--- DATA SEGMENT Enclosed Below ---
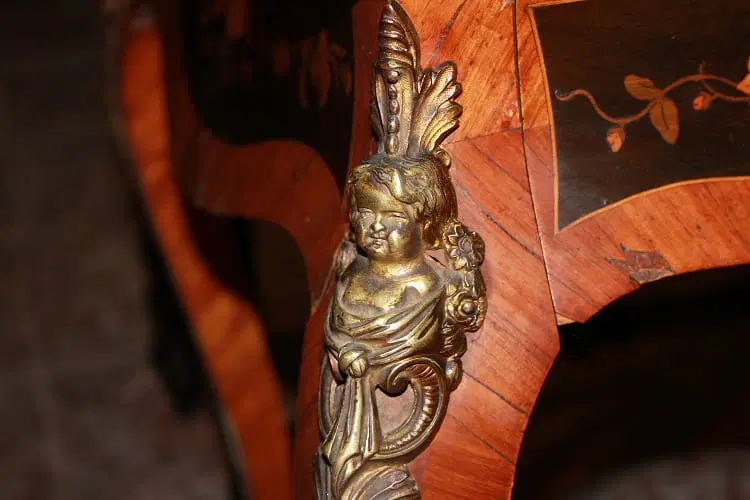 Cabinet francese della prima metà del 1800 stile Luigi XV riccamente intarsiato - immagine 9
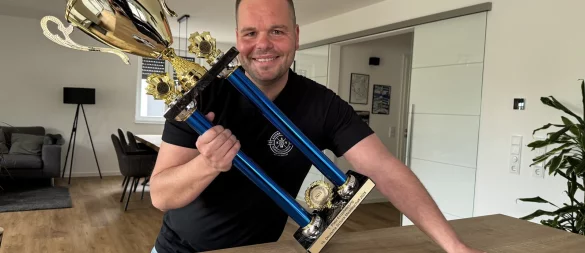 Alexander Schauf mit dem Pokal, den er als Deutscher Meister im Schocken gewonnen hat. - © Sandra Castrup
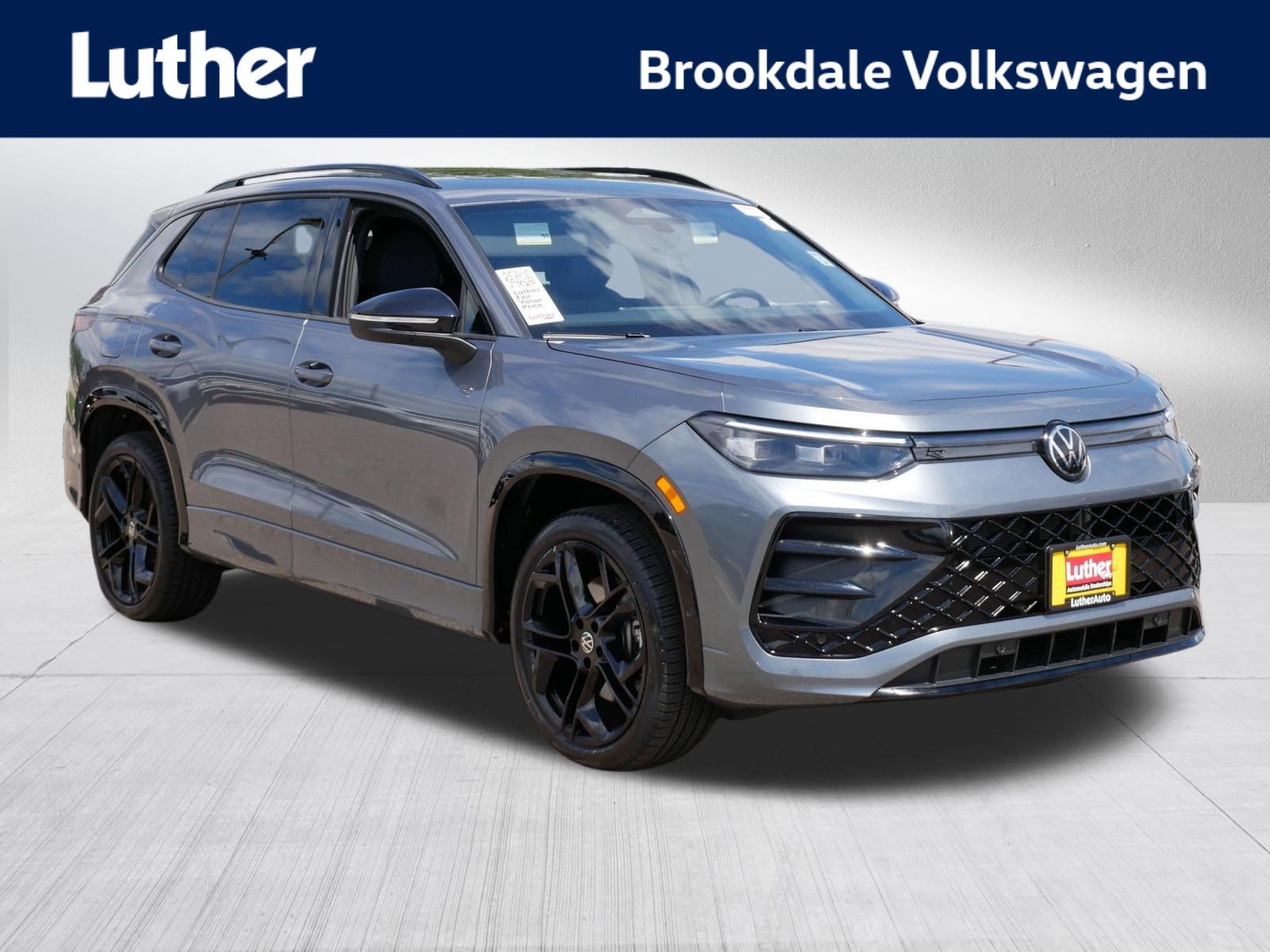 Used 2026 Volkswagen Tiguan SE R-Line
--- End of Enclosed DATA SEGMENT ---
# EXERCISE INSTRUCTIONS
Exactly repeat every line from the line that includes "Alexander Schauf mit" to the end of the listing, and nothing else, leaving pictures out.

# EXERCISE RESULT
 Alexander Schauf mit dem Pokal, den er als Deutscher Meister im Schocken gewonnen hat. - © Sandra Castrup
 Used 2026 Volkswagen Tiguan SE R-Line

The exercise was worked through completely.